Virginia Supreme Court Ruling Provides Property Owners with Leverage to Challenge Environmentalists

Virginia Supreme Court rebukes environmentalists in dispute over the terms and conditions of a conservation easement. Ruling could inspire property rights activism across state lines.

Virginia farmers and other landowners who have clashed with environmental groups over the terms and conditions of conservation easements that sit on their property now have added leverage thanks to a recent ruling from the state’s Supreme Court.

Under the terms and conditions of conservation easements, property owners typically enter into legal agreements with land trusts where they agree to set aside a portion of their property for conservation purposes in exchange for receiving tax breaks. The idea here is to preserve both historical and bucolic regions for posterity while also providing property owners with sufficient latitude to conduct commercial and light industrial activities.

But what began as a mutually beneficial arrangement has evolved over time into a vehicle for government land grabs, according to public policy analysts who are familiar with the agreements.

The ruling from the Supreme Court of Virginia, which was issued last week, says that whenever there is any doubt or ambiguity over an easement’s legal language courts must construe this language in deference to the land owner and with the burden of proof on the land trust or any other party charged with enforcement of the easement.

The case involved a dispute between Wetlands America Trust (WAT), a non-profit land trust set up to provide financial support to Ducks Unlimited, a non-profit wetlands and waterfowl conservation group, and White Cloud Nine Ventures, which operates Chrysalis Vineyards in located in Middleburg, Virginia, about 40 miles west of Washington, D.C.

Jennifer McCloud of Chrysalis Vineyards. (Jennifer McCloud)

WAT holds a conservation easement on behalf of Ducks Unlimited on the 200-acre property that includes Chrysalis Vineyards. Ducks Unlimited objected to the winery’s plans to construct a farm building housing a creamery, a bakery and tasting room.
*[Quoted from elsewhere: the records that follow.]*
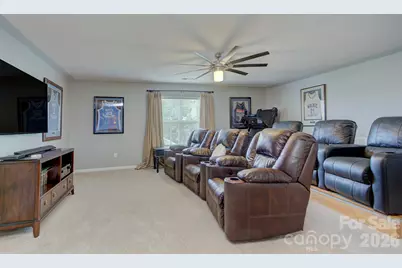 9277 Perseverance Drive, Harrisburg, NC 28075 - Photo 33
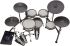 batterie-electronique-roland-td-50k2-kit-noir-_0002.jpg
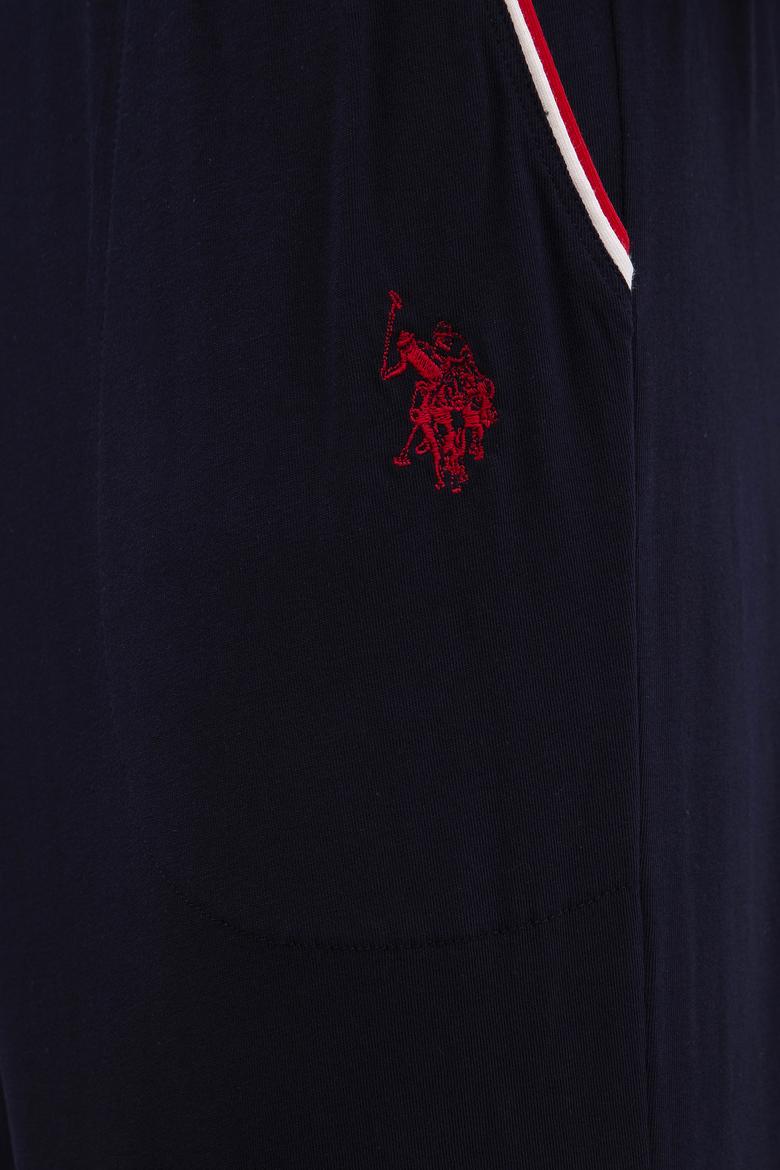 Erkek Gri Pijama - 50223329013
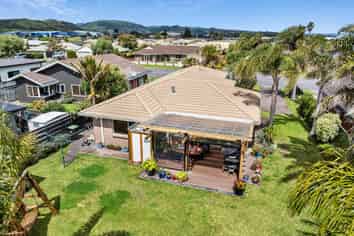 251 Gloucester Road, Mount Maunganui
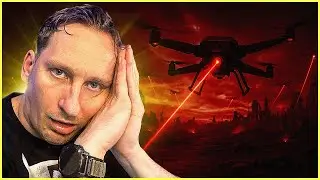 🚨WW3 Alert: NATO's Boldest Move Yet &mdash; Russia&rsquo;s Retaliation Will Be CATASTROPHIC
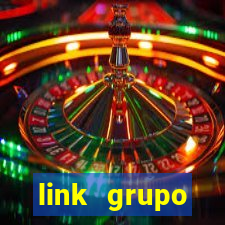 link grupo brazzucas telegram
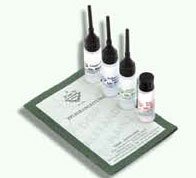 ◎ALEXANDER / OIL&GREACE SET DI48
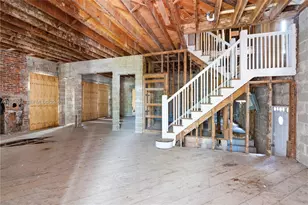 4400 NE 1st Ave, Miami, FL 33137 - Photo 12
These plans also called for the construction of a small bridge and roads leading to the farm building and putting in a parking lot in front of the structure for the benefit of the winery’s customers.

White Cloud had argued successfully at the trial court level that the term “farm building” was ambiguous and open-ended to the point where it allowed for construction. But WAT and Ducks Unlimited identified 14 separate easement violations. But in the end, the state Supreme Court upheld a lower court ruling that applied a common law principle that said “restrictive covenants are to be strictly construed in favor of the free use of land.”

The key phrase from the court ruling is as follows:

“Under this common law principle, consistently recognized and applied by this Court for over a century, ‘[v]alid covenants restricting the free use of land, although widely used, are not favored and must be strictly construed and the burden is on the party seeking to enforce them to demonstrate that they are applicable to the acts of which he complains.”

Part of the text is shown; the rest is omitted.